U.S. District Judge James Carr yesterday strongly chastised Ohio Secretary of State Ken Blackwell for failing to tell state election workers clearly when and how to offer provisional ballots to voters.
Judge Carr said in his ruling that Mr. Blackwell's inadequate instructions "in all likelihood left Ohio's election officials more confused than they would have been if the directive had not issued," and that if election officials had followed the secretary of state's orders they "would have disenfranchised large numbers of voters" in the Nov. 2 presidential election.
In a filing with the court late yesterday, Mr. Blackwell submitted to the court new, more specific, instructions to poll workers about provisional voting for Judge Carr's review.
The argument between the federal judge and Ohio's top election official boils down to the implementation of the Help America Vote Act, passed by Congress in 2002 following the controversial presidential election of 2000, in which thousands of voters in Florida were turned away at the polls and not allowed to vote because poll workers said they were not registered.
Part of the new federal voting act requires poll workers to give provisional ballots to people who show up to vote, but whose names do not appear on voting rolls, or who are declared ineligible to vote by poll workers.
Mr. Blackwell had issued orders to Ohio poll workers on Sept. 16 telling them they were required to verify addresses of voters. Poll workers were told to give provisional ballots to people wanting to vote, but not listed on voter rolls, only if they lived within the precinct where they were attempting to vote.
He also ordered that the provisional ballot would only be counted if the local election board determined later that the voter was eligible to vote at the precinct polling place where the ballot was cast.
The Ohio and Sandusky County Democratic parties sued Mr. Blackwell in the federal court in Toledo on Sept. 27, accusing him of violating federal election laws.
Judge Carr ruled Oct. 14 in favor of the county and state parties, saying that Mr. Blackwell's directives conflicted with guidelines of the federal election statute.

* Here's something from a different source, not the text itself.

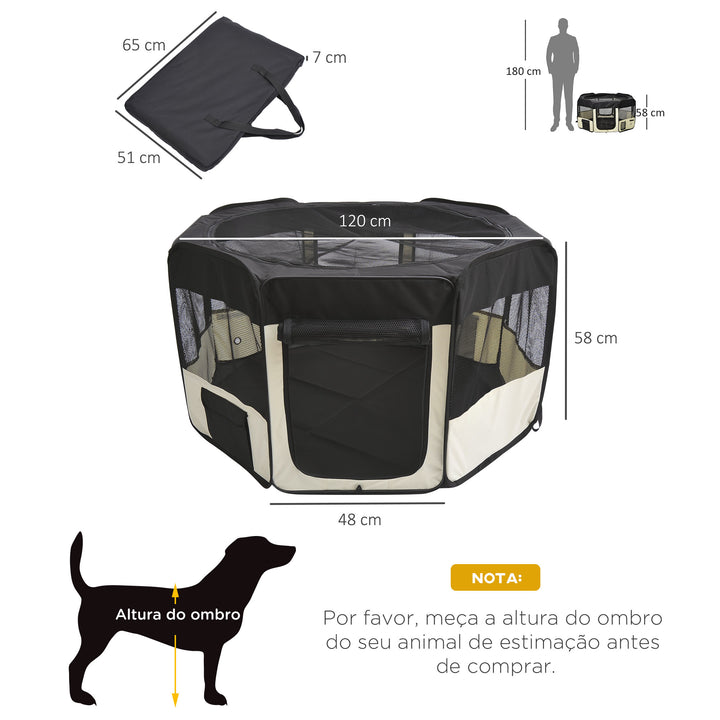 Parque Dobrável para Cães e Gatos Parque para Animais de Estimação com 2 Portas e Almofada Tecido Oxford Ø120x58 cm Preto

The judge ordered that Ohio voters who show up at the wrong precinct on Nov. 2 can vote in the presidential election as long as they are attempting to vote in the county in which they are registered.
He also ruled that if a person votes outside his precinct, he can vote only for president and other federal offices, not on local, county, or state offices and issues.

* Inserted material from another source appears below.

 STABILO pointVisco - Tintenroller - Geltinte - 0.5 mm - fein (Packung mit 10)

In last week's ruling, Judge Carr stated that denying voters the opportunity to cast provisional ballots would erode confidence in the election and lessen incentives to vote.

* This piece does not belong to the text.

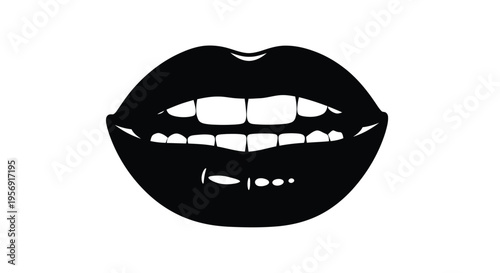 Bold glossy lips form a striking black silhouette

In yesterday's ruling, Judge Carr took Mr. Blackwell to task again, saying that a new directive Mr. Blackwell proposed for instructing poll workers about provisional ballots is "drastically under-inclusive" and "is every bit as much in violation of [the] Help America Vote Act."
Judge Carr complained in his order that in failing to adequately educate Ohio poll workers about the provisions of the country's new voting act, "Blackwell apparently seeks to accomplish the same result in Ohio in 2004 that occurred in Florida in 2000."
The federal judge continued: "By [failing] to inform election officials that they must permit persons to vote provisionally even when they believe such persons are not eligible to vote, Blackwell's proposed directive would disenfranchise all such individuals. ...
"Ignoring this court's clear command is one thing: It is another thing, and under the circumstances even more blameworthy, to leave Ohio election officials utterly without guidance about how to apply the Help America Vote Act's provisions," Judge Carr wrote in yesterday's ruling.
Carlo LoParo, a spokesman for Mr. Blackwell, said yesterday that Mr. Blackwell has responded to Judge Carr's Oct. 14 order.
He said the secretary of state has also appealed the judge's earlier decision to the U.S. 6th Circuit Court of Appeals in Cincinnati.
In a statement regarding the original court order, the secretary of state said Judge Carr's ruling is a misinterpretation of federal law. Mr. Blackwell added that the procedures suggested by Judge Carr would lead to confusion and fraud.
Mr. LoPara said the secretary of state's office will wait until the federal appellate court rules to determine what instructions will be forwarded to county elections officials.
He declined to say what might happen if that court doesn't issue a ruling prior to the election.
Judge Carr's ruling yesterday, however, ordered Mr. Blackwell to send new directives on provisional voting to Ohio's county election boards after the wording of the directives was approved by the judge.
A U.S. District Judge in Michigan Tuesday issued an order similar to Judge Carr's, ruling that ballots cast in the wrong precinct but in the right city, township, or village must be counted in races for federal office.
State officials there have said they also intend to file an appeal with the U.S. 6th Circuit.